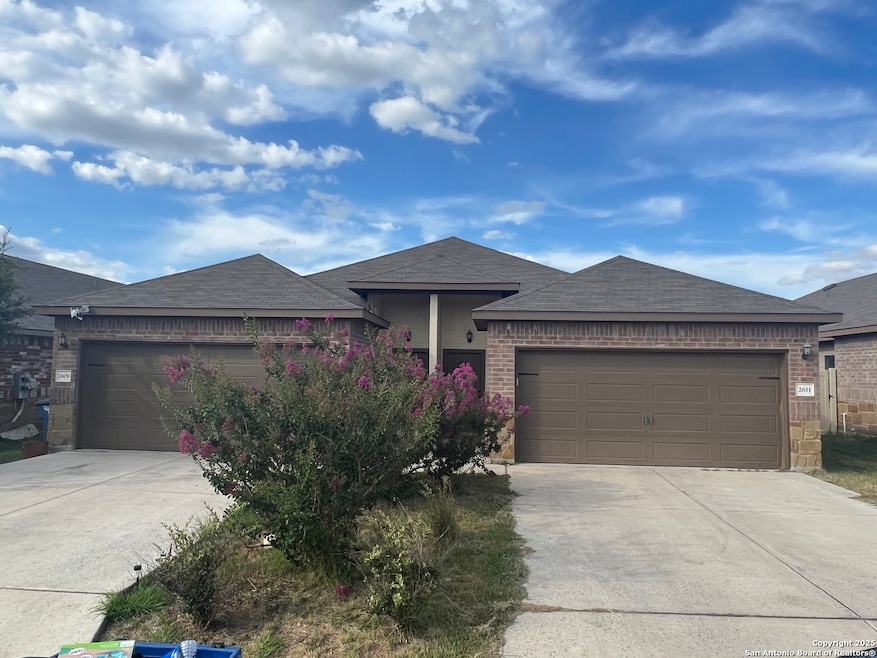 For Rent $1,525/month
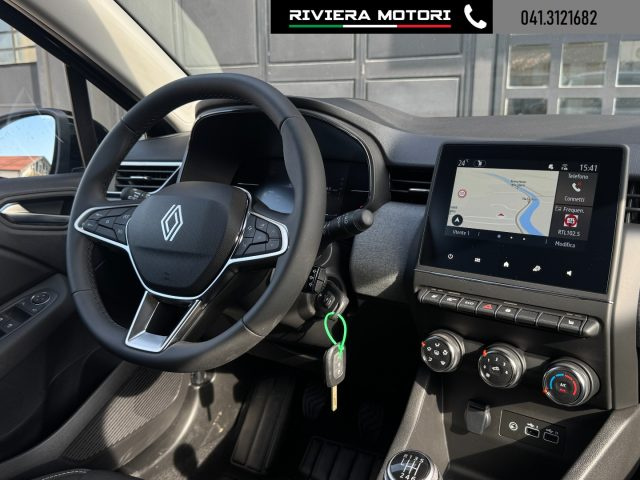 RENAULT Clio usata, con Autoradio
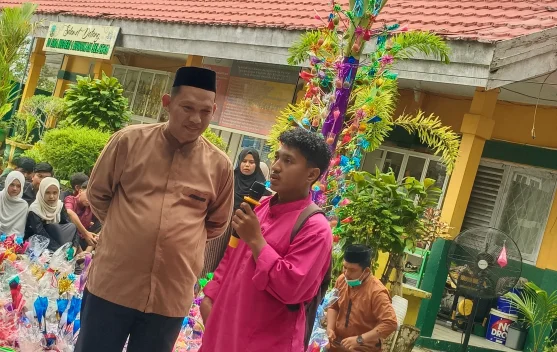 Ustaz Irfan Ajak Siswa Teladani Sifat Rasulullah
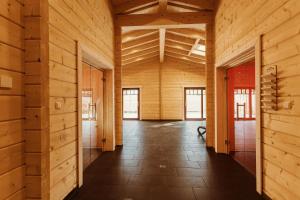 un couloir dans un bâtiment en bois avec des murs en bois dans l'établissement Naturerlebnisdorf Blauvogel Hasselfelde, à Hasselfelde 114 autres photos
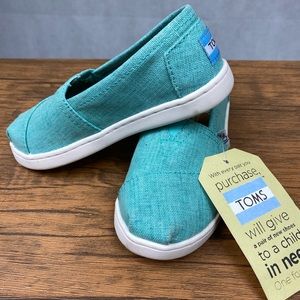 NWT light blue Toms size kids 12
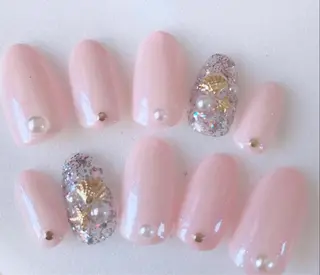 ネイル ゲン レイカのネイルデザイン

§ **Task description**
Write out word for word every line from the line with "Ustaz Irfan Ajak" through the final line of the records, both included, skipping the pictures.

§ **Result for this exercise**
 Ustaz Irfan Ajak Siswa Teladani Sifat Rasulullah
 un couloir dans un bâtiment en bois avec des murs en bois dans l'établissement Naturerlebnisdorf Blauvogel Hasselfelde, à Hasselfelde 114 autres photos
 NWT light blue Toms size kids 12
 ネイル ゲン レイカのネイルデザイン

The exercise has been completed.